RisingWave and Iceberg-Rust: When Real-Time Streaming Meets Modern Data Lake

Introduction

The Apache Iceberg ecosystem is undergoing a fascinating transformation. While the Java community maintains a mature, established implementation, a parallel movement in Rust is gaining momentum, bringing opportunities to build truly efficient, scalable, and developer-friendly streaming data lakehouses. RisingWave, a streaming platform built entirely in Rust, is a main protagonist in this revolution, and its integration with Iceberg-Rust offers a compelling case study for how new implementations of the Iceberg format are changing modern data engineering.

The Origin: From icelake to Apache Iceberg Rust

The story begins well before the official launch of Apache Iceberg Rust as an Apache project. In 2024, a visionary developer named Xuanwo created icelake, an unofficial Rust library for interacting with Apache Iceberg. The project had potential but remained isolated.

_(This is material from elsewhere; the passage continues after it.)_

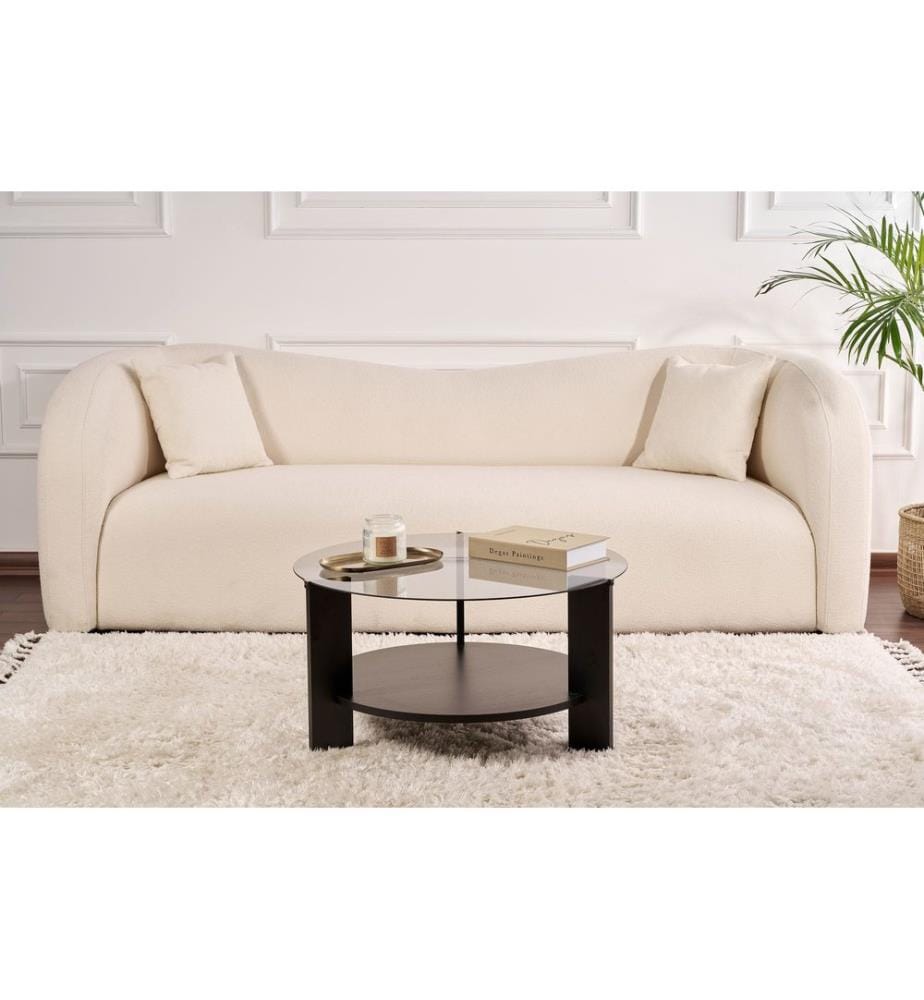 Table basse, bois noir, fumé, verre trempé 100 %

Then, something important happened: RisingWave discovered icelake and saw its potential. The RisingWave team, led by founder and CEO Yingjun Wu, decided this was the missing piece of their puzzle. Instead of developing a competing Iceberg implementation in Rust, they decided to collaborate with the community.

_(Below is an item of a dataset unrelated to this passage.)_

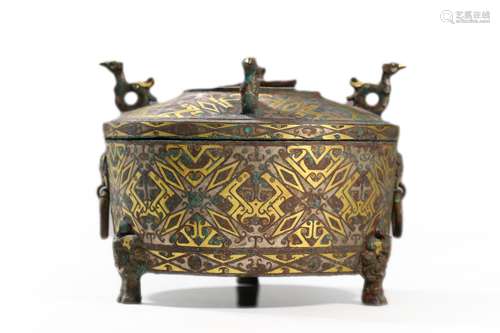 Gold And Silver Inlaying Bronze Tripod Censer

Xuanwo and RisingWave contributors (including ZENOTME) integrated icelake, fixed bugs, added write support, and built a robust Iceberg sink. This collaboration perfectly embodies the open source philosophy: Community Over Code. The result? In 2024 the project was donated to the Apache Software Foundation, becoming Apache Iceberg Rust, the official project.

This was a turning point: two problems solved at once. RisingWave gained a robust, community-maintained Rust Iceberg library. The Rust community received a real-world production use case that would drive priorities, bug fixes, and the roadmap.

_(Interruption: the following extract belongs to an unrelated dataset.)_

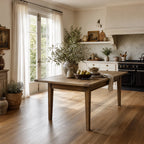 Renwick Extendable Dining Table 1.8m in solid mango wood in a warm farmhouse kitchen with greenery and ceramicware.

The Challenge RisingWave Addresses: Streaming CDC to Iceberg

It is important to understand the unique problem that RisingWave solves. When you want to stream from transactional databases (PostgreSQL, MySQL, SQL Server) to Iceberg in real-time via CDC (Change Data Capture), you face a hard challenge: how to manage row-level deletes?

Apache Iceberg offers two mechanisms:

Position Delete: Deletes by physical location (file path + row number). Extremely fast for queries, but requires knowing the row’s physical location. For streaming CDC, this means querying Iceberg for each delete, resulting in random I/O and unacceptable latency.
Equality Delete: Deletes by column value (typically primary key). More natural for CDC because you don’t need the row’s file location, only its key value. However, this creates numerous delete files, which can amplify query read cost.

Most pipelines picked one approach and accepted the tradeoffs. With iceberg-rust, RisingWave chose a novel path.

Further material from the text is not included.